═════ SOURCE MATERIAL ═════

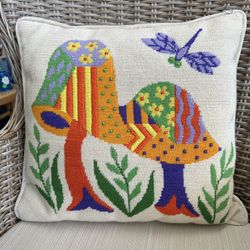 Vintage mid-century mushrooms dragonfly  needlepoint pillow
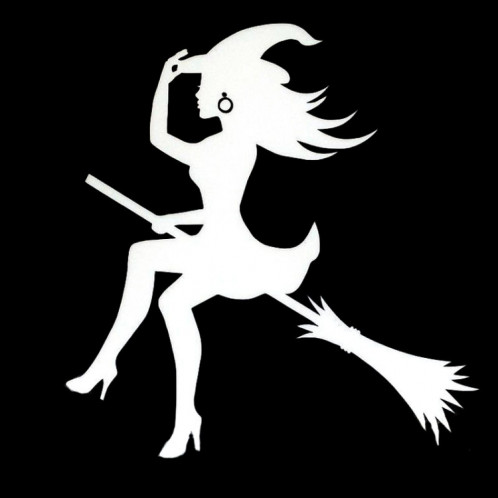 20 PCS Sexy Sorcière Autocollant De Voiture Stickers Vinyle Décor, Taille: 12.5x12cm (Argent) SH301B999-04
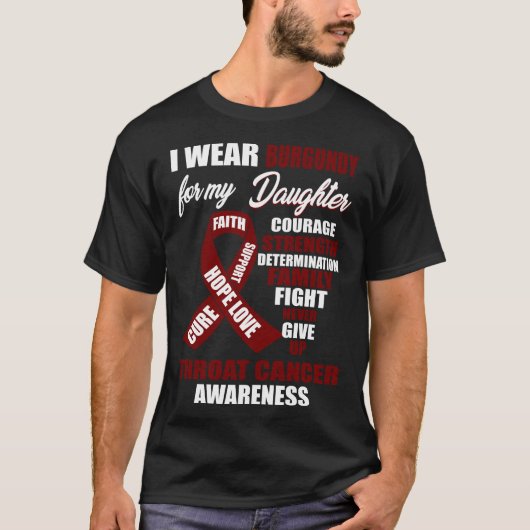 Ik Draag Burgundy Throat Cancer Awareness T-shirt (Voorkant)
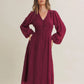 Crimson Crinkle Midi Dress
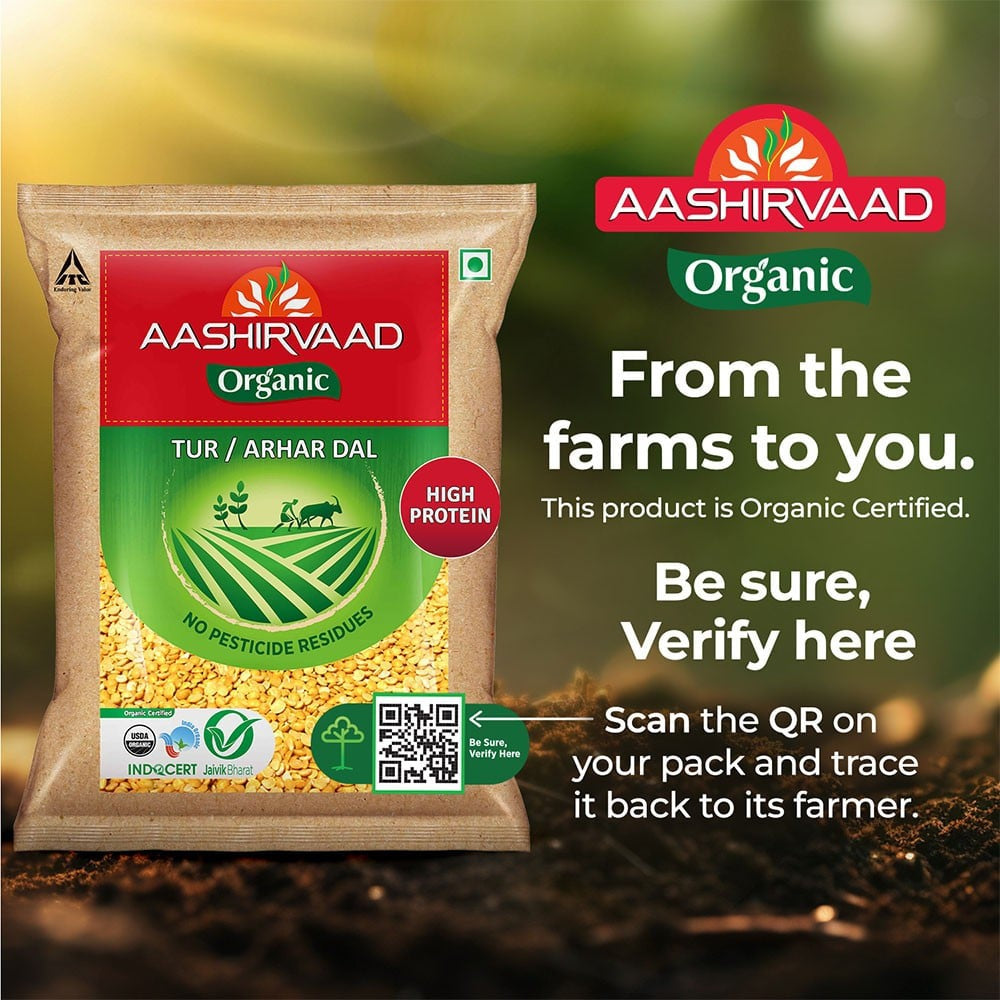 Aashirvaad 100% Organic Arhar Dal /Tur Dal : 1 kg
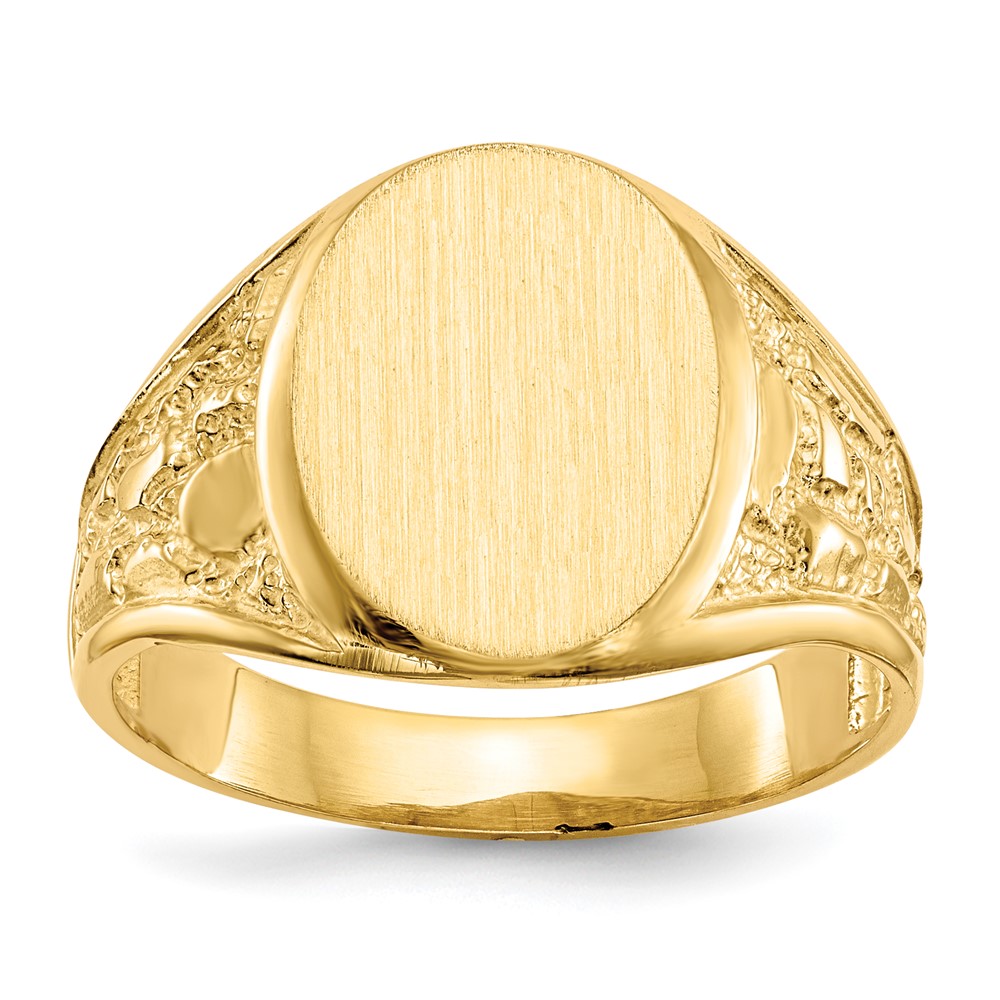 Picture of Finest Gold 14K Yellow Gold 15 x 11.5 mm Open Back Mens Signet Ring - Size 10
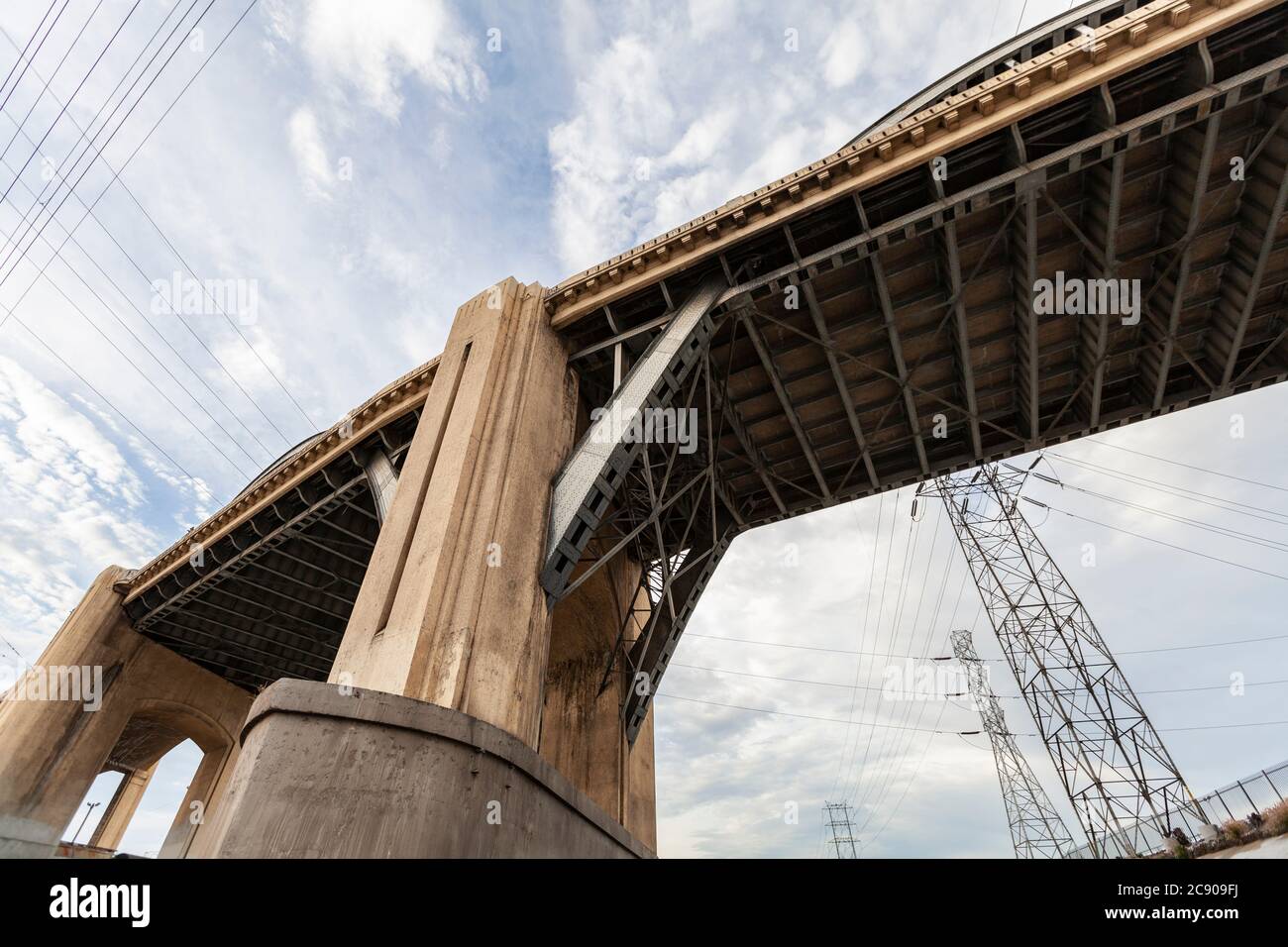Under the historic and now demolished 6th street bridge near downtown Los Angeles in Southern California. Stock Photo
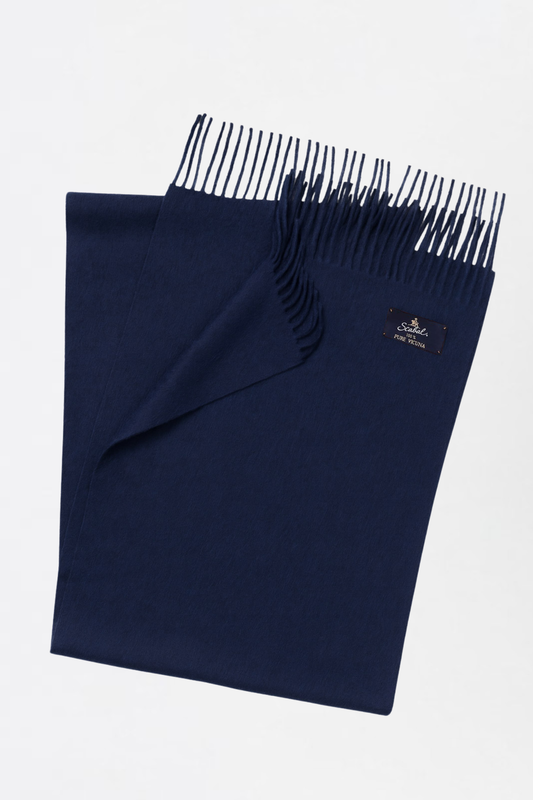 Marineblauer Schal aus 100 % reinem Vicuña-Garn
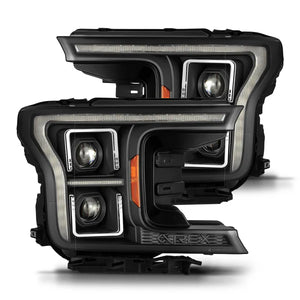 18-20 Ford F150 (MK II 14th Gen Style) LUXX-Series LED Projector Headlights Black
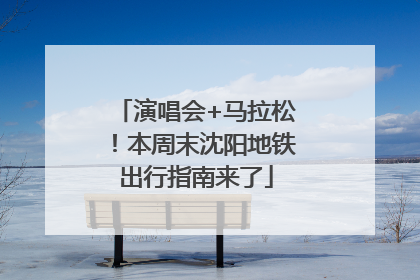 演唱会+马拉松！本周末沈阳地铁出行指南来了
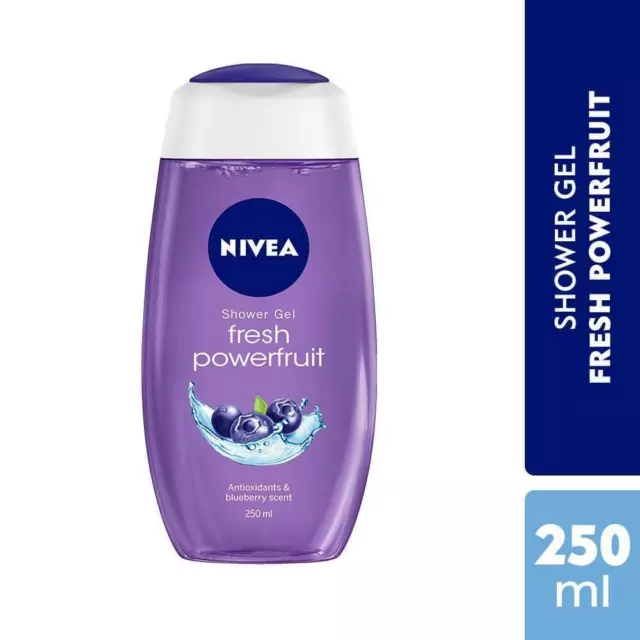 NIVEA Gel de Ducha, Potencia Fruta Fresco Cuerpo Lavado, Mujer, 250ml (Pack 1)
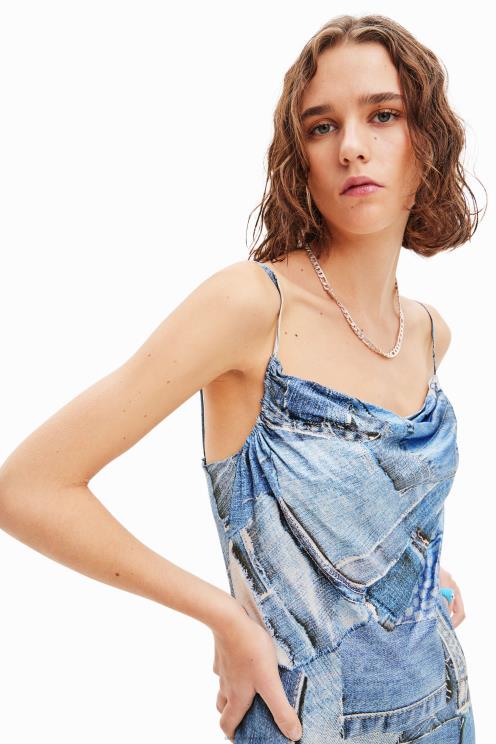 oblačila NFXLT98 ženske Desigual denim patchwork midi obleka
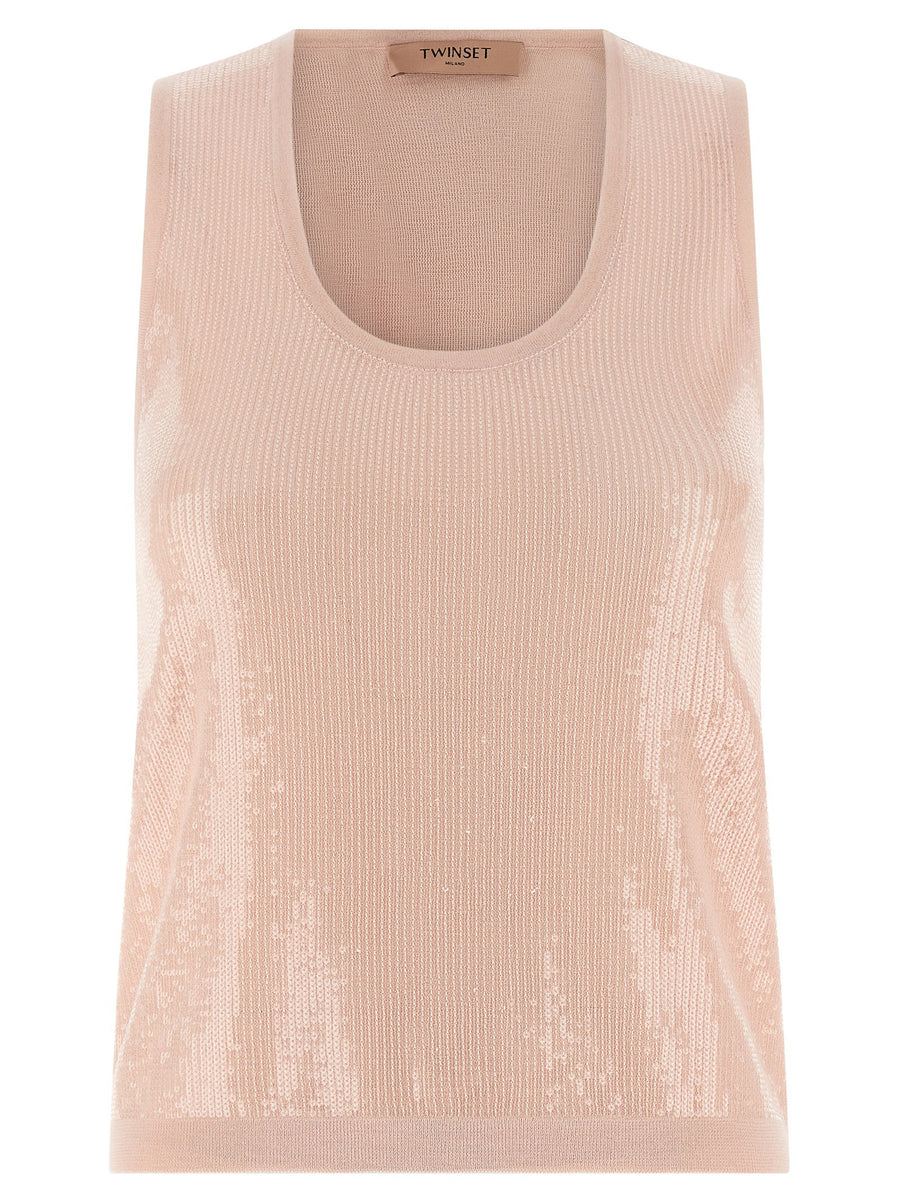 Twin Set Sequin-Embellished Cotton Blend Tank Top — Beige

═════

● WHAT TO WORK ON:
Each line from the start of the entries through the line with "Picture of Finest" is to be restated exactly, and the pictures are to be skipped.

● SOLUTION TO THIS TASK:
 Vintage mid-century mushrooms dragonfly  needlepoint pillow
 20 PCS Sexy Sorcière Autocollant De Voiture Stickers Vinyle Décor, Taille: 12.5x12cm (Argent) SH301B999-04
 Ik Draag Burgundy Throat Cancer Awareness T-shirt (Voorkant)
 Crimson Crinkle Midi Dress
 Aashirvaad 100% Organic Arhar Dal /Tur Dal : 1 kg
 Picture of Finest Gold 14K Yellow Gold 15 x 11.5 mm Open Back Mens Signet Ring - Size 10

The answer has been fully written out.